Durable Storage. Like the other applications, our serverless database application experiment was limited by the latency and IOPS of the storage system, but it also required long term data storage and the mutable-state semantics of a file system. While it’s likely that database functionality, including OLTP, will increasingly be provided as a BaaS offering,181818One recent example is Amazon Aurora Serverless (https://aws.amazon.com/rds/aurora/serverless/). Services such as Google’s BigQuery and AWS Athena are basically serverless query engines rather than fully fledged databases. we see this application as representative of several applications that require longer retention and greater durability than the Serverless Ephemeral Storage is suited to provide. To implement high-performance Serverless Durable Storage, one approach would be to leverage an SSD-based distributed store paired with a distributed in-memory cache. A recent system realizing many of these goals is the Anna key-value database that achieves both cost efficiency and high performance by combining multiple existing cloud storage offerings . A key challenge with this design is achieving low tail latency in the presence of heavy tail access distributions, given the fact that in-memory cache capacity is likely to be much lower than SSD capacity. Leveraging new storage technologies , which promise microsecond-level access times, is emerging as a promising approach to address this challenge.
Similar to Serverless Ephemeral Storage, this service should be transparently provisioned and should ensure isolation across applications and tenants for security and predictable performance. However, whereas Serverless Ephemeral Storage would reclaim resources when an application terminates, Serverless Durable Storage must only free resources explicitly (e.g., as a result of a “delete” or “remove” command), just like in traditional storage systems. Additionally, it must of course ensure durability, so that any acknowledged writes will survive failures.

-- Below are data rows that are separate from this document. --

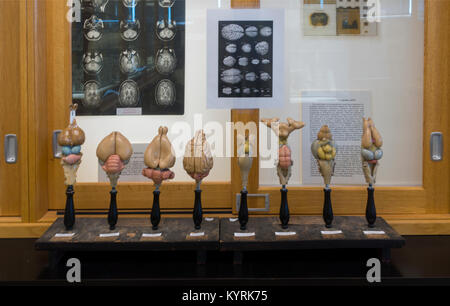 Musée du cerveau Université de Buffalo NY Banque D'Images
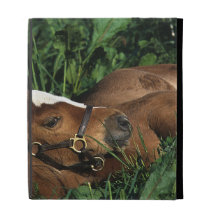 Thoroughbred Foal Lying Down iPad Folio Cases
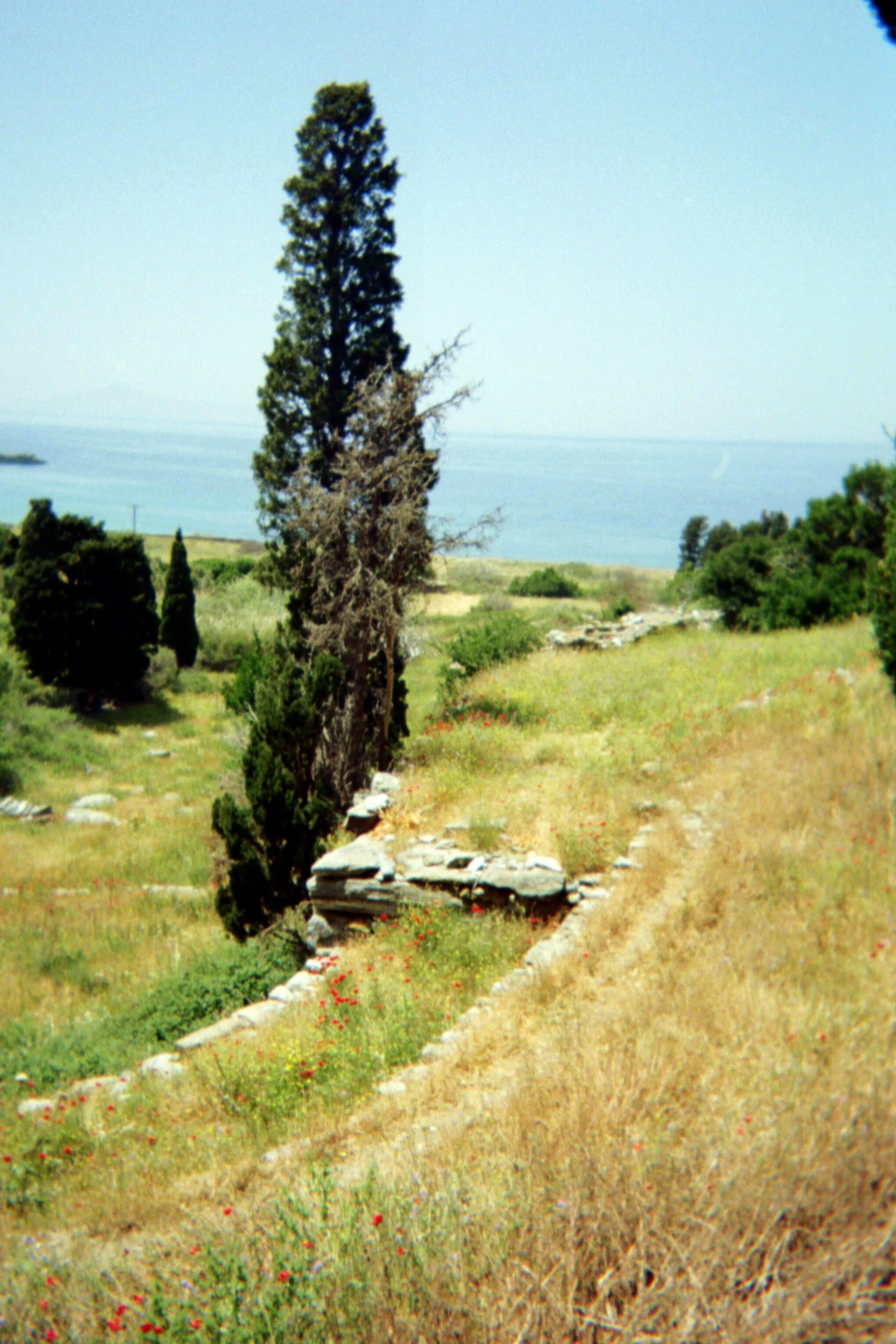 Scenic landscape with stone path, tall trees, and grass, overlooking a calm ocean under a clear sky.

Coordination/signaling service: Sharing state between functions often uses a producer-consumer design pattern, which requires consumers to know as soon as the data is available from producers. Similarly, one function might want to signal another when a condition becomes available, or multiple functions might want to coordinate, e.g., to implement data consistency mechanisms. Such signaling systems would benefit from microsecond-level latency, reliable delivery, and broadcast or group communication. We also note that since cloud function instances are not individually addressable they cannot be used to implement textbook distributed systems algorithms such as consensus or leader election .

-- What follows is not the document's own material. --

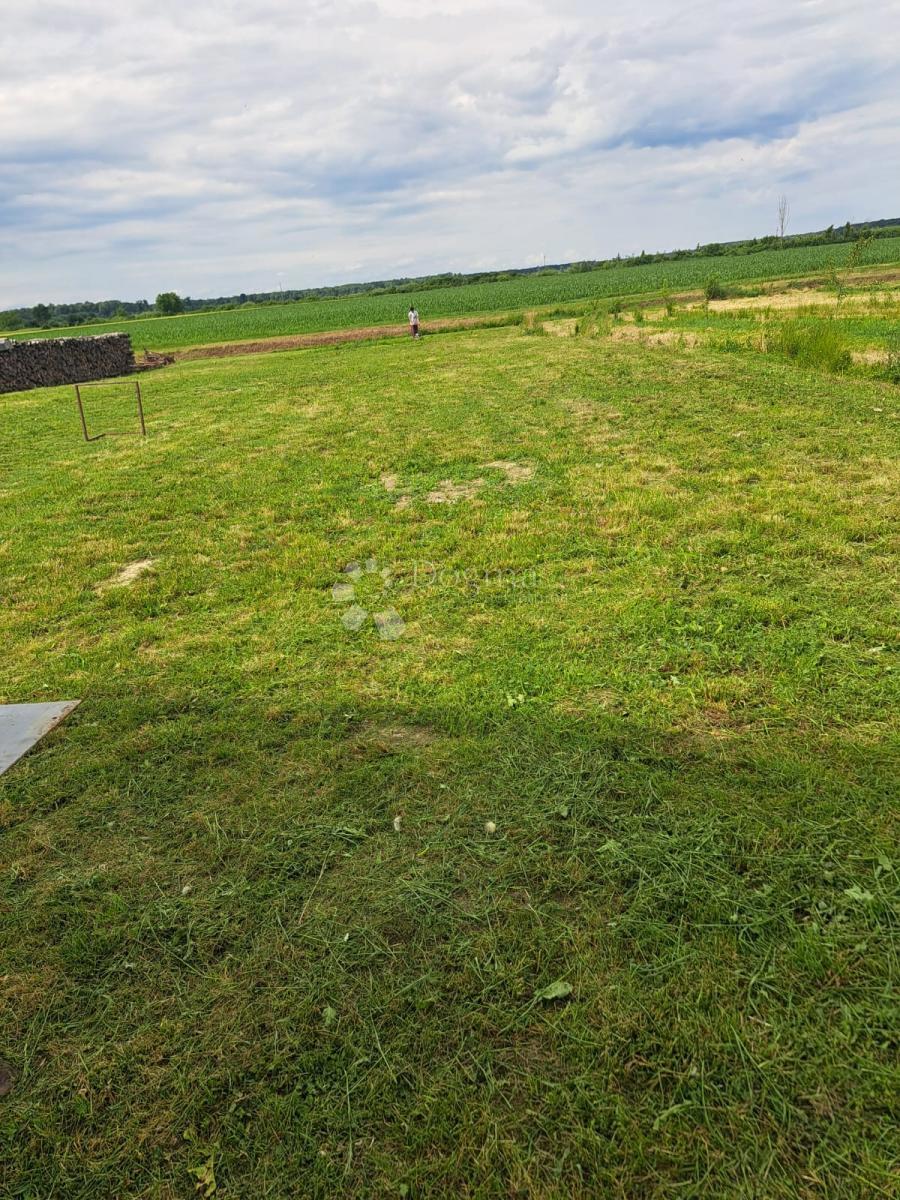 image 29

Minimize startup time: There are three parts of startup time (1) scheduling and starting resources to run the cloud function, (2) downloading the application software environment (e.g., operating system, libraries) to run the function code, and (3) performing application-specific startup tasks such as loading and initializing data structures and libraries. Resource scheduling and initialization can incur significant delays and overheads from creating an isolated execution environment, and from configuring customer’s VPC and IAM policies. Cloud providers [35, 58], as well as others [18, 57] have recently focused on reducing the startup time by developing new lightweight isolation mechanisms.
One approach to reduce (2) is leveraging unikernels . Unikernels obviate the overhead incurred by traditional operating systems in two ways. First, instead of dynamically detecting the hardware, applying user configurations, and allocating data structures like traditional operating systems, unikernels squash these costs by being preconfigured for the hardware they are running on and statically allocating the data structures. Second, unikernels include only the drivers and system libraries strictly required by the application, which leads to a much lower footprint than traditional operating systems. It is worth noting that since unikernels are tailored to specific applications, they cannot realize some of the efficiencies possible when running many instances of a standardized kernel, for example sharing kernel code pages between different cloud functions on the same VM, or reducing the start-up time by pre-caching. Another approach to reduce (2) is to dynamically and incrementally load the libraries as they are invoked by the application, for example as enabled by the shared file system used in Azure Functions.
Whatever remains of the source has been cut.